* _What you should do_
Will you return, word for word, only the lines from the top of the data below down to and including the one with "Milisten Plush Animal"?

*** Opening of Input for this task ***

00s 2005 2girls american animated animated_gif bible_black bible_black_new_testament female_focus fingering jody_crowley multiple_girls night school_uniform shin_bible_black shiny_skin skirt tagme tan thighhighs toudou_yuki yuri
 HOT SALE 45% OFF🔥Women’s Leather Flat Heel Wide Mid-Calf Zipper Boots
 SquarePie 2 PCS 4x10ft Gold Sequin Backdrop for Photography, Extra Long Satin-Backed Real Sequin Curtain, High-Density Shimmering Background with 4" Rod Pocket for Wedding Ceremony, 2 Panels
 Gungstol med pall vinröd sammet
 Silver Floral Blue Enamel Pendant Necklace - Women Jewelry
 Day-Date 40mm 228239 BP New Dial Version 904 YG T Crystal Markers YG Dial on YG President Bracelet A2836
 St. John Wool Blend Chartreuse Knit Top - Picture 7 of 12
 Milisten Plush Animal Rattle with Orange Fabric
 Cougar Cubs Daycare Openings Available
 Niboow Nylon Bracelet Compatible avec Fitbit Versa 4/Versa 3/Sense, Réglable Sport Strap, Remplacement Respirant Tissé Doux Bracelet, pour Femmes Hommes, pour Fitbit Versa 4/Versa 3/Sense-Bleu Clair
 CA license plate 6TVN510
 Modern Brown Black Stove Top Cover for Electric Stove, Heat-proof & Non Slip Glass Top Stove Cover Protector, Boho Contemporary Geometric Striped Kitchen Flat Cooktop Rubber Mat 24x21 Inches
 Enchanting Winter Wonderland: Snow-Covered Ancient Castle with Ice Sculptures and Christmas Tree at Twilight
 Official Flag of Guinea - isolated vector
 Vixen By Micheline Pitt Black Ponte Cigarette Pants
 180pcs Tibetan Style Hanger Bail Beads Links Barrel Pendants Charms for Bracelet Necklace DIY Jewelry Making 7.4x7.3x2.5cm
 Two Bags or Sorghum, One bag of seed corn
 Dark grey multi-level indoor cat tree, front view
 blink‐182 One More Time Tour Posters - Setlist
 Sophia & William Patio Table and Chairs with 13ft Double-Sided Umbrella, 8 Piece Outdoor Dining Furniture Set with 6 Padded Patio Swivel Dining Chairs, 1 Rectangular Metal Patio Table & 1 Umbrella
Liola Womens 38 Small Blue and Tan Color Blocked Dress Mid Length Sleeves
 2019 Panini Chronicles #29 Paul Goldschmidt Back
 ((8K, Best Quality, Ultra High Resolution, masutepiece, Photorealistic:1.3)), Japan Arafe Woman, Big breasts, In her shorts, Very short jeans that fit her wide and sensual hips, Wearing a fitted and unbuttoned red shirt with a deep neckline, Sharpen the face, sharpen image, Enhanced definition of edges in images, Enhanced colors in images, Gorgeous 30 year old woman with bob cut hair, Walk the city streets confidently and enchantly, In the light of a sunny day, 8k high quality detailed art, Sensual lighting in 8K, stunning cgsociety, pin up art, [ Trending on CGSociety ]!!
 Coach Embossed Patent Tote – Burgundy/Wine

*** Close of Input for this task ***

* _Task solution_
00s 2005 2girls american animated animated_gif bible_black bible_black_new_testament female_focus fingering jody_crowley multiple_girls night school_uniform shin_bible_black shiny_skin skirt tagme tan thighhighs toudou_yuki yuri
 HOT SALE 45% OFF🔥Women’s Leather Flat Heel Wide Mid-Calf Zipper Boots
 SquarePie 2 PCS 4x10ft Gold Sequin Backdrop for Photography, Extra Long Satin-Backed Real Sequin Curtain, High-Density Shimmering Background with 4" Rod Pocket for Wedding Ceremony, 2 Panels
 Gungstol med pall vinröd sammet
 Silver Floral Blue Enamel Pendant Necklace - Women Jewelry
 Day-Date 40mm 228239 BP New Dial Version 904 YG T Crystal Markers YG Dial on YG President Bracelet A2836
 St. John Wool Blend Chartreuse Knit Top - Picture 7 of 12
 Milisten Plush Animal Rattle with Orange Fabric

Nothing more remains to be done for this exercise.